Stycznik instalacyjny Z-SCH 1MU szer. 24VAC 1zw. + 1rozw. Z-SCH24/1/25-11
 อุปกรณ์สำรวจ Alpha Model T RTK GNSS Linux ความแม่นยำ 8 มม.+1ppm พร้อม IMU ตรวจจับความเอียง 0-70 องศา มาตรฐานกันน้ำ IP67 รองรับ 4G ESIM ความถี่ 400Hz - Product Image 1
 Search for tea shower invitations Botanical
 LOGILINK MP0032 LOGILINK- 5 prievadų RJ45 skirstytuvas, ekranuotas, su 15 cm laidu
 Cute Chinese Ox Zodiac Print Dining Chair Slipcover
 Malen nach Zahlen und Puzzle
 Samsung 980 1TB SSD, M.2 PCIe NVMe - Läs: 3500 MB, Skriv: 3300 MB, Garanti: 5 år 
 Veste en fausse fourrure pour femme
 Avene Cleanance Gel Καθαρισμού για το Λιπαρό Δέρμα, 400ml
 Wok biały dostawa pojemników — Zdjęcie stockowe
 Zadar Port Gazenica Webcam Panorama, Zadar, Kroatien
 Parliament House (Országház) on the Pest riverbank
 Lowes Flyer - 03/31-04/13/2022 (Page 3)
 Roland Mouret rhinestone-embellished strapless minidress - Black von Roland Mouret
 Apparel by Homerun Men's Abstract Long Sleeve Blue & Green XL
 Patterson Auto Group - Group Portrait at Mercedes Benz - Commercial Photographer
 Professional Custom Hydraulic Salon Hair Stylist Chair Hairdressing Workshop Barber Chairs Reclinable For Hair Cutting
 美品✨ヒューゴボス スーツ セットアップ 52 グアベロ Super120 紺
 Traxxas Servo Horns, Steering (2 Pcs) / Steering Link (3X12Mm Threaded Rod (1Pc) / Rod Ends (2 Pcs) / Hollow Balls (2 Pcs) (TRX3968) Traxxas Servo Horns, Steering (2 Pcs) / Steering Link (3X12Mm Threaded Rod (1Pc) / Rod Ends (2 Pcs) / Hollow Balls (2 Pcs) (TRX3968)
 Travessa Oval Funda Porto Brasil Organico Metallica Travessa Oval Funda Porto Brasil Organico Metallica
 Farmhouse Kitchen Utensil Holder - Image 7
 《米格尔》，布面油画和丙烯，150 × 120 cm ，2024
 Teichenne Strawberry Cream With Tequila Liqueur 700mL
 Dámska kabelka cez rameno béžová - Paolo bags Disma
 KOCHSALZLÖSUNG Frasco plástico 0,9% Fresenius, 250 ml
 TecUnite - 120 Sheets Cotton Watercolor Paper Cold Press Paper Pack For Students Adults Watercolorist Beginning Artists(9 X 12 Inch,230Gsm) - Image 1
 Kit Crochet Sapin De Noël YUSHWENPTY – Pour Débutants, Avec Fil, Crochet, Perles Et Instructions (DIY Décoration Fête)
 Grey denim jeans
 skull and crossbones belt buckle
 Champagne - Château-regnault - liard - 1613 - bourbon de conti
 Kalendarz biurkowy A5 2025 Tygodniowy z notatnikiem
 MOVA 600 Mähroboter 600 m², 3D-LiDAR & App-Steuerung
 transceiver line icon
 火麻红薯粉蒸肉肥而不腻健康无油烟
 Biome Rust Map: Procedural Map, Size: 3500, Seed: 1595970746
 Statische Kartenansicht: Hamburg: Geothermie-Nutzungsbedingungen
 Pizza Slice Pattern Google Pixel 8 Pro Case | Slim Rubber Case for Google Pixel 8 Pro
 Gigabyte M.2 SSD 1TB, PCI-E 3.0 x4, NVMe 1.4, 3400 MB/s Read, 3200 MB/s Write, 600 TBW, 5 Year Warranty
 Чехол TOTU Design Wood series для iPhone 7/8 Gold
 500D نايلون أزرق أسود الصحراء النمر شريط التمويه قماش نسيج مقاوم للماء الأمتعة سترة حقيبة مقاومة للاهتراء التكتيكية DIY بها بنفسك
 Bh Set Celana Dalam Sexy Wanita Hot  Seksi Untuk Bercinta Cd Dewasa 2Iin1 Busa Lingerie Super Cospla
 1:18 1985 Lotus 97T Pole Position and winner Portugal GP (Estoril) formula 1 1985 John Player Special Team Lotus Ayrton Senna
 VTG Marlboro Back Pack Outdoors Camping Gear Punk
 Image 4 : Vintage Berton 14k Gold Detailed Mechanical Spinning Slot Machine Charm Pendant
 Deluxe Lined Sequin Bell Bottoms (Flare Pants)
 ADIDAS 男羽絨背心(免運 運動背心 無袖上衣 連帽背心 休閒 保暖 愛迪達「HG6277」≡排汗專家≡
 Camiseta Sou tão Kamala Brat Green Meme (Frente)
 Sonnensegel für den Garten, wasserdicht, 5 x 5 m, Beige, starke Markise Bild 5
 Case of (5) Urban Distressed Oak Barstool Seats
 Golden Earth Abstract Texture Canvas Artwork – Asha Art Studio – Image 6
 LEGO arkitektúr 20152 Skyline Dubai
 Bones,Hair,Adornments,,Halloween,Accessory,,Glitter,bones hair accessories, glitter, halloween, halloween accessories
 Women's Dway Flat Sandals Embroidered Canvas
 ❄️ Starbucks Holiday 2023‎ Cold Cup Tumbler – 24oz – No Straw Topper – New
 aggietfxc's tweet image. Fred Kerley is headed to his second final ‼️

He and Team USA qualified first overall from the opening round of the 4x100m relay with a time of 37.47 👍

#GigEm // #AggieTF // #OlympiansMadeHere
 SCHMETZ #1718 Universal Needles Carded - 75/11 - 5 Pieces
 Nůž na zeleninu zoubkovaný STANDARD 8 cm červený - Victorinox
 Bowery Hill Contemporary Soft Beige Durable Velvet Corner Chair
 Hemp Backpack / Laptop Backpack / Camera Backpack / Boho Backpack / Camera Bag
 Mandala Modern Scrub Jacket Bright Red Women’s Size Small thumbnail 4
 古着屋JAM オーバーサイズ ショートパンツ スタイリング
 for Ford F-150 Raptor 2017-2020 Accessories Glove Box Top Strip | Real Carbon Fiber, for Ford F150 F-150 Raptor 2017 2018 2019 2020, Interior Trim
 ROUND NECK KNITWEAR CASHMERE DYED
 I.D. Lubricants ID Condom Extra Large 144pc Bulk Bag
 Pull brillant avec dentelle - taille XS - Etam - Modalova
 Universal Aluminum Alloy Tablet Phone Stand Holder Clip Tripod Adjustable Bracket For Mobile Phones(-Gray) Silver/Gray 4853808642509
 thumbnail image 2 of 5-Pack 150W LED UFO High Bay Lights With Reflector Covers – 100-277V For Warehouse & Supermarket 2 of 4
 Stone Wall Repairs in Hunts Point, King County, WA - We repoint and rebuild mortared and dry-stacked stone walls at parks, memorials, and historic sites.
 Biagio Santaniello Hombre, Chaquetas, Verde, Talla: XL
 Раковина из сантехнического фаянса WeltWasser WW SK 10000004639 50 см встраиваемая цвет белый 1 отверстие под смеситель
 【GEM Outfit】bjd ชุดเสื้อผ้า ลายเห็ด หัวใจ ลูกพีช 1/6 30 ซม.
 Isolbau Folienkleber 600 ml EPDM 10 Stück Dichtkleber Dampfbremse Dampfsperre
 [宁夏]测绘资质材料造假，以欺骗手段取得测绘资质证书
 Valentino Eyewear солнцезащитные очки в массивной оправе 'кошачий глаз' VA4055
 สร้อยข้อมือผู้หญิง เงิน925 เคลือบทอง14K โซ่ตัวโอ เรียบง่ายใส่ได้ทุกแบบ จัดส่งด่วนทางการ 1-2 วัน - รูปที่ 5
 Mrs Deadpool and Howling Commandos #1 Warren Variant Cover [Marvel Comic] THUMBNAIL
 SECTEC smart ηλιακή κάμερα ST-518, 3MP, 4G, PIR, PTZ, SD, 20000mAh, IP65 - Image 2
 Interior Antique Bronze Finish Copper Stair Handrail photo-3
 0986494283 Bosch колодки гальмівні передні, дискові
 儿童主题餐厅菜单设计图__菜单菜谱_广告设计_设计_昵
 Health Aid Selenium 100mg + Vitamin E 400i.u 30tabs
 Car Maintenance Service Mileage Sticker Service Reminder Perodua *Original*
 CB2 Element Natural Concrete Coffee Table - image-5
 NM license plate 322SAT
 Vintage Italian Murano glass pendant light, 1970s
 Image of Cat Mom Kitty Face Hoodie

Instructions to follow
Which lines of the listing contain the word "Holder"? Copy each of them.

Problem solution
 Farmhouse Kitchen Utensil Holder - Image 7
 Universal Aluminum Alloy Tablet Phone Stand Holder Clip Tripod Adjustable Bracket For Mobile Phones(-Gray) Silver/Gray 4853808642509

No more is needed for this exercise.